Taj-ul-Maasir, written by the Delhi chronicler Hasan Nizami, states that Parmar (Paramardi) initially offered some resistance, but then fled to the safety of the fort. Subsequently, he surrendered before ruler of Delhi, and agreed to be his vassal. He promised to pay a tribute to the Sultan, but died before he could execute this agreement. His dewan Aj Deo (Ajaya-Deva) continued to resist the ruler of Delhi after his death. The dewan was finally forced to surrender as the water reservoirs within the fort dried up during a drought. Taj-ul-Masir further states that after the Sultanate's victory, temples were converted into mosques and 50,000 men were taken as slaves. Qutb al-Din Aibak appointed Hazabbar-ud-Din Hasan Arnal as the governor of Kalanjara, and also captured Mahoba.

The 16th century Muslim historian Firishta states that Paramardi was assassinated by his own minister, who disagreed with the king's decision to surrender to the Delhi forces.

Firishta as well as Fakhruddin Mubarakshah state that the fall of Kalanjara happened in the Hijri year 599 (1202–1203 CE). According to Taj-ul-Masir, Kalanjara fell on 20th of Rajab, in the Hijri year 599, on Monday. However, this date corresponds to 12 April 1203, which was a Friday. Based on different interpretations of the historical sources, different scholars date the fall of Kalanjara to either 1202 or 1203.

According to the Chandela inscriptions, Paramardi was succeeded by Trailokyavarman.
== Administration ==

According to the Baghari inscription, Paramardi placed the burden of government on his prime minister Sallakshana, who was a Brahmin of Vashistha gotra. Sallakshana commissioned temples dedicated to Shiva and Vishnu. After his death, his son Purushottama inherited his post.

The Baghari inscription also mentions one Gadadhara as Paramardi's minister of war and peace (sandhna-vigraha-sachiva). According to the Ajaygarh inscription of Bhojavarman, a Kayastha named Gangadhara was the Kancukin (chamberlain) of Paramardi. Gangadhara and his brother Jaunadhara are said to have fought at Kalanjara, possibly in the battle against the Delhi forces.

Ajayapala and Madanapala, the sons of a former senapati (general) Kilhana, were two Brahmin senapatis of Paramardi. Ajayapala is also known to have been a senapati of Paramardi's grandfather Madanavarman. Muslim chronicles mention Aj Deo (Ajaya-Deva) as a dewan who continued to resist the Delhi forces after Paramardi's death. The medieval bardic tradition also mentions Alha and Udala (or Udal) as his generals. Other officers mentioned in the historical records include Mahipala and an amatya named Vatsaraja.
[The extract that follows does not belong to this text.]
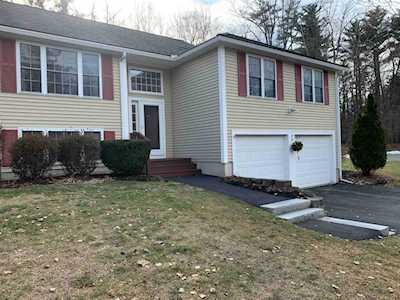 36 Forrest St Hampstead, NH 03826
Paramardi was a learned man, and is attributed as the author of a eulogy to Shiva, inscribed on a stone at Kalanjara. He patronized a number of scholars, including:

- Vatsaraja, the author of Rupa-Kashatakam (a collection of six plays)
- Gadadhara, a poet styled as Kavi-Chakravarti
- Jaganika, the author of Alha-Khanda
- Gunabhadra Munipa Saiddhanti, the Jain author of Dhanya-Kumara-Charita

Although himself a Shaivite, Paramardi was tolerant towards Buddhists, Jains and Vaishnavites. A copper-plate inscription shows that when he granted a village to a Brahmin, he respected the rights of a Buddhist shrine located in that village. Several images of the Jain tirthankaras were set up at various places during his reign. The best known of these are at the Aharji Jain Tirth Near Tikamgarh. His minister Sallakshana commissioned a Vishnu temple.